И вдруг, как по волшебству, первый солнечный луч набежавшего дня ворвался в сырую долину Латерки, заиграл в бурливом водовороте переката и зазеленил молодые смереки на склоне. Он осветил пятнистые камуфляжные бушлаты русинских гвардейцев, их помятые, заросшие щетиной лица. Лучи света легли на наш белый "жигу ленок", застывший на краю кювета. Засияли рыжие волны Светкиных волос, падающие на ворот толстого серого свитера. Осеннее солнышко как бы приветливо предлагало перейти к следующему акту нашей жизненной трагикомедии. Так это все и восприняли - как переход от сумрака ночи к свету дня. С трудом оторвавшись взглядом от рыжего пламени волос моей подруги, Богданчик первым нарушил затянувшееся молчание:
- Ну, что, хлопцы и девчата, пошли к нам угощаться, чем Бог послал. Просим до нашего двора и костра.
- А чего пешком? Садитесь в машину - как раз будет полный комплект.
- Да нет. У вас там разгребать надо, чтобы сесть. Четыреста метров как-нибудь на своих топанках одолеем.
- А я подъеду немного. Чего-то утомился. Года то идут, лита сплывають. На неби мэнэ вже чекають.

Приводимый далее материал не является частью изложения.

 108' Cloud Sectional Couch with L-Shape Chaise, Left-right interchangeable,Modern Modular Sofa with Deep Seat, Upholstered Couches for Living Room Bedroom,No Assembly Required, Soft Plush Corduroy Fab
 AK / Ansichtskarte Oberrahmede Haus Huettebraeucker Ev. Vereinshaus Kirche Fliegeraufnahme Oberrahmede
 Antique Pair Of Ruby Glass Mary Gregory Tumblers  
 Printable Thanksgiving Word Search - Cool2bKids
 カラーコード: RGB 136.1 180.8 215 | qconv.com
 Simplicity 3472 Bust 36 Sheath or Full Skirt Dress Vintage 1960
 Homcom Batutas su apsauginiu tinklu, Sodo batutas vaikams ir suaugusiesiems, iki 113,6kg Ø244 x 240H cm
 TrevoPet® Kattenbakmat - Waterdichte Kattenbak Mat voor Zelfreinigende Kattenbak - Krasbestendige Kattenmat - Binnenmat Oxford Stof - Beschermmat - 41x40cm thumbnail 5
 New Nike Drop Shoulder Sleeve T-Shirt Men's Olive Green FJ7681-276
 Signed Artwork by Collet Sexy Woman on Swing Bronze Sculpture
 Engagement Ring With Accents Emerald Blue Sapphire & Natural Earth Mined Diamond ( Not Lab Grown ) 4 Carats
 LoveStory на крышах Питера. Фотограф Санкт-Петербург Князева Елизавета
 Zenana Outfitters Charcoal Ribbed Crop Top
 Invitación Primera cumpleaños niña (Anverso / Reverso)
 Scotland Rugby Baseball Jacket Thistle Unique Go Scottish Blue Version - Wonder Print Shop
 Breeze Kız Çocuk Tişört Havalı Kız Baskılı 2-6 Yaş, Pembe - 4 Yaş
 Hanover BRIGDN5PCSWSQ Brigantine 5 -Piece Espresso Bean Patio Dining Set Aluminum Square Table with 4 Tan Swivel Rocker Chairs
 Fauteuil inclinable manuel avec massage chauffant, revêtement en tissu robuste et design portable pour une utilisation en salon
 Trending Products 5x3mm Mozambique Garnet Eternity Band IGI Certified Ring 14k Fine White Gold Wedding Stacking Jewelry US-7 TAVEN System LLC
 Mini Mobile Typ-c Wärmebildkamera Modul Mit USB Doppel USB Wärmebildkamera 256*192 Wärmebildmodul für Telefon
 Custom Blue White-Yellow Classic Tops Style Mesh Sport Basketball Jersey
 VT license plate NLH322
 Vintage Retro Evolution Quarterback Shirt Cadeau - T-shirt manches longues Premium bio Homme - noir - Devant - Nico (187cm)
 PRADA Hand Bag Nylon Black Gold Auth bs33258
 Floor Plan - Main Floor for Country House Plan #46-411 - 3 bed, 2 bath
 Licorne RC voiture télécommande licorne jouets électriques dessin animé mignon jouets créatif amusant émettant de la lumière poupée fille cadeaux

- Да, тю на тебя, Богдан. Стихами заговорил. Садись уже - да меньше болтай.
2. Утренние посиделки
Тишовская площадь была плотно заполнена народом. Меня так сдавило со всех сторон, что трудно было дышать. Это же надо - сколько люду привалило! И всё знакомые лица: друзья, товарищи, коллеги по работе, соратники по помаранчевому майдану, школьники, студенты медучилища, даже русинские гвардейцы вместе с возвышающимся над толпой Степаном, тоже стояли маленькой плотной кучкой под черно-красным флагом. И Мыкола из банка тоже крутился под боком, пытаясь мне что-то сказать. Но стоял такой шум, что я ничего не слышал. Странно, ведь его, кажется, застрелили на границе, а он здесь. Все смотрели на невысокую трибуну, где под жёлтым флагом выступал с речью какой-то низенький толстый человечек, ужасно напоминающий мне кого-то до боли знакомого. Да это же Богдан! Давай Богданчик, зажигай народ! Только чего это тебя так плохо слышно? Такой шум вокруг. Тихо люди, тихо. Богдан видимо понял, что его здесь никто не слышит и, безнадёжно махнув рукой, уселся на табуретку. В его руках появился баян и он начал перебирать кнопочки инструмента, широко разевая рот. Сначала опять ничего не было слышно. Но постепенно сквозь невообразимый шум стали долетать какие-то отдельные визгливые звуки и слова: "... на балу ли, на пиру ли, на охоте слышны песни о бесстрашном Дон Кихоте, ла-ла-ла, ла-ла, ла-ла, ла-ла, слышны песни о бесстрашном Дон Кихоте...." Ну здрасьте - нашёл о ком и где петь, ненормальный бард. Я попытался знаками показать Богдану, чтобы он перестал петь, не выдавал себя. Руки так плотно были затиснуты окружающими, что я прилагал отчаянные усилия, чтобы их вытащить. Наконец-то мне это удалось. Я медленно поднял руки вверх, сбросил с себя давивший бушлат и окончательно проснулся.